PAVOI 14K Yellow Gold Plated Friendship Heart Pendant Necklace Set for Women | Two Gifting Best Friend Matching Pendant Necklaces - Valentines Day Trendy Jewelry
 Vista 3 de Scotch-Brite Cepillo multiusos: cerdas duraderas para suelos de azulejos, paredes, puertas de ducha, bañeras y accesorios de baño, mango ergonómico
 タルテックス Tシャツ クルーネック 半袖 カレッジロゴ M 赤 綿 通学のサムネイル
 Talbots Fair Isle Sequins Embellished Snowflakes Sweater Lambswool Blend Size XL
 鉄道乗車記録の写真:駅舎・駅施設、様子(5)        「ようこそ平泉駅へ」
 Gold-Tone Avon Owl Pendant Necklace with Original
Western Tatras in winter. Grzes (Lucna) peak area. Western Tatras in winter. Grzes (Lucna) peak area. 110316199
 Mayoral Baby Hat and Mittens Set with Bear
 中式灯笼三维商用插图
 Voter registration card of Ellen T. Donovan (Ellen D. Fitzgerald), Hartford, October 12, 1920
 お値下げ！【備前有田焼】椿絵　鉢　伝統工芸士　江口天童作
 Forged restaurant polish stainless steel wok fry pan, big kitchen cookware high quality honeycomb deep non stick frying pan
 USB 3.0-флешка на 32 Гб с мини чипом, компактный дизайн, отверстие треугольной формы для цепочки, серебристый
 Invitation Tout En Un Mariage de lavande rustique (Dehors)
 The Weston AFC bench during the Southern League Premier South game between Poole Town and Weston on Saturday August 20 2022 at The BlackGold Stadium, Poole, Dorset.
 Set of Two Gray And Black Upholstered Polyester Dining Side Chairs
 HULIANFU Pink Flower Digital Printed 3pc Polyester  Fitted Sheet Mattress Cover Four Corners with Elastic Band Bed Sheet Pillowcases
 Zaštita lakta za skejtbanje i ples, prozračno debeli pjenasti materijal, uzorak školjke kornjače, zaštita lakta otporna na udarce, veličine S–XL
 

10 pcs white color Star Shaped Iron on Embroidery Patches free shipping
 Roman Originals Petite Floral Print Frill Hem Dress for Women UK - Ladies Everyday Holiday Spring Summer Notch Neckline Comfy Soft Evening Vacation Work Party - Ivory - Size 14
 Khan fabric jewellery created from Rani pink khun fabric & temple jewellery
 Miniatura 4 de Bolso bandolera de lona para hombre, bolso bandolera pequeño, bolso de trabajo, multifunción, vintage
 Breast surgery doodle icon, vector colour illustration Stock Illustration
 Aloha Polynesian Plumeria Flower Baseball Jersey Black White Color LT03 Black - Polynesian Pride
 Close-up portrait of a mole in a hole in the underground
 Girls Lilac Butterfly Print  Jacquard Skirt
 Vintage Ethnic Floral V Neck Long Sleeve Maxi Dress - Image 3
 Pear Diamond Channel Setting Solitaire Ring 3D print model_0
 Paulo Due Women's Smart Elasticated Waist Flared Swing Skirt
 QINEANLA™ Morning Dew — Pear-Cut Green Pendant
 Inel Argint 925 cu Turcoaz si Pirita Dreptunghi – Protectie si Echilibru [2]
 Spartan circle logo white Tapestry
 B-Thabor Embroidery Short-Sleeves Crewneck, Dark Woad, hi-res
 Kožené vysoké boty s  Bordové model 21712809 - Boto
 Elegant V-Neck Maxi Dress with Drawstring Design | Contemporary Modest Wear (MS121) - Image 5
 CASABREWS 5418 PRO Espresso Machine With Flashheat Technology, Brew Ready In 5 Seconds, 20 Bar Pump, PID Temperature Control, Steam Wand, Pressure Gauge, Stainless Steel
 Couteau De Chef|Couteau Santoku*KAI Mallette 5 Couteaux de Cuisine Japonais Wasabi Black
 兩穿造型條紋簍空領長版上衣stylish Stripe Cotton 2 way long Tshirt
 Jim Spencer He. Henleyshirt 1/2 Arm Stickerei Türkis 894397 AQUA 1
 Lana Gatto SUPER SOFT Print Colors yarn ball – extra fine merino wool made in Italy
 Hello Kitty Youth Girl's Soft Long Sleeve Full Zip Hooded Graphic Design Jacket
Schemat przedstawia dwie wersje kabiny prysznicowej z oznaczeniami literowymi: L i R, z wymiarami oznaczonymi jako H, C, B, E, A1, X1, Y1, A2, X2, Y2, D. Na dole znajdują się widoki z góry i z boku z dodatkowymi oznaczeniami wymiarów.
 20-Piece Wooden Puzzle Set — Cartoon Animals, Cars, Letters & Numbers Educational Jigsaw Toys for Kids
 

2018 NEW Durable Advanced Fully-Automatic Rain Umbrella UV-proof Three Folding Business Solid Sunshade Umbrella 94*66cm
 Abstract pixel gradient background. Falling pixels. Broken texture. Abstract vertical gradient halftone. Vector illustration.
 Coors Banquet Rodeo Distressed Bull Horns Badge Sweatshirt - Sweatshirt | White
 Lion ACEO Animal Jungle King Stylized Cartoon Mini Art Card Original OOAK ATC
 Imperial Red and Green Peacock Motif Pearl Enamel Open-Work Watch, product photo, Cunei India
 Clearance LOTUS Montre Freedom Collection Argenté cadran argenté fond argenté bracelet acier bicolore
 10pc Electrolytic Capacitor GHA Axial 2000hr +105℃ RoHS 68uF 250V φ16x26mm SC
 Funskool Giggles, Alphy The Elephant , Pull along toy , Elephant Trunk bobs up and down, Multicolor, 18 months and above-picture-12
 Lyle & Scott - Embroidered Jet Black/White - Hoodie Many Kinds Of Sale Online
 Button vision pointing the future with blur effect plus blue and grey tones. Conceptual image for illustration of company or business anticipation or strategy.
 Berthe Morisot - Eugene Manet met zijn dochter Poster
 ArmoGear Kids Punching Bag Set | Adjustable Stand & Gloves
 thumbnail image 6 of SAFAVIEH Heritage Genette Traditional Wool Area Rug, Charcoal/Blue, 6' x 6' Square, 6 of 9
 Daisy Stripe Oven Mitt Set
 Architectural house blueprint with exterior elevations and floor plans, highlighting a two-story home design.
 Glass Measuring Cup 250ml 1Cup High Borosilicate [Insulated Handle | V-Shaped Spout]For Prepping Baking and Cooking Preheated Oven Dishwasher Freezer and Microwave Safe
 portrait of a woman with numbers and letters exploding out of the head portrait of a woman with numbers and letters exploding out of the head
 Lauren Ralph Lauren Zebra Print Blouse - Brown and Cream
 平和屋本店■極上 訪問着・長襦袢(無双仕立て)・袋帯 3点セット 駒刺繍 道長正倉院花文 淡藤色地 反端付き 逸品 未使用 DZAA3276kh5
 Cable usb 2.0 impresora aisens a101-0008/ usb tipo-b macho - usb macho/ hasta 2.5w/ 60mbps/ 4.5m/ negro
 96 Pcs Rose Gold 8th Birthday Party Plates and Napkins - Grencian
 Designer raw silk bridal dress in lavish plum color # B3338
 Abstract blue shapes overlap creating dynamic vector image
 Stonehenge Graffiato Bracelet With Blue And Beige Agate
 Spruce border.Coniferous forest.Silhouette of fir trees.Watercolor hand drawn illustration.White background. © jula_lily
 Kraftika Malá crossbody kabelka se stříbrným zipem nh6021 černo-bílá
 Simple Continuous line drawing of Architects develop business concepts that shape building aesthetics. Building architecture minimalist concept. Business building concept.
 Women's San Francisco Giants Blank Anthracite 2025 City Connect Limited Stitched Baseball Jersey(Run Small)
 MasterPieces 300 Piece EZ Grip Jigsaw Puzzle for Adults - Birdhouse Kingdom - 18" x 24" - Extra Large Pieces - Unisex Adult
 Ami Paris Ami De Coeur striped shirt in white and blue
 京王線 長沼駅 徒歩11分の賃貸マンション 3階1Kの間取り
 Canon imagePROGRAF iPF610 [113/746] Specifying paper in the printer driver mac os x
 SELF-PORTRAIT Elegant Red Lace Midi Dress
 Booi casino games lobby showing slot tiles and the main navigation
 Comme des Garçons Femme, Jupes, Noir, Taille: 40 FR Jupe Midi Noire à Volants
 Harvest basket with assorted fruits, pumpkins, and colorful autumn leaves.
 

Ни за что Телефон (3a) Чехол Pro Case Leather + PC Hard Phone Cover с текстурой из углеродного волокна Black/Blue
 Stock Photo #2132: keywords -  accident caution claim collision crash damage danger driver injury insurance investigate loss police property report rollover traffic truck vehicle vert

= = = = = = =

* Problem to work on: Write out a verbatim copy of the data, beginning with its first line and ending with the line that contains "タルテックス Tシャツ クルーネック 半袖 カレッジロゴ M 赤 綿 通学のサムネイル".

* Result below:
PAVOI 14K Yellow Gold Plated Friendship Heart Pendant Necklace Set for Women | Two Gifting Best Friend Matching Pendant Necklaces - Valentines Day Trendy Jewelry
 Vista 3 de Scotch-Brite Cepillo multiusos: cerdas duraderas para suelos de azulejos, paredes, puertas de ducha, bañeras y accesorios de baño, mango ergonómico
 タルテックス Tシャツ クルーネック 半袖 カレッジロゴ M 赤 綿 通学のサムネイル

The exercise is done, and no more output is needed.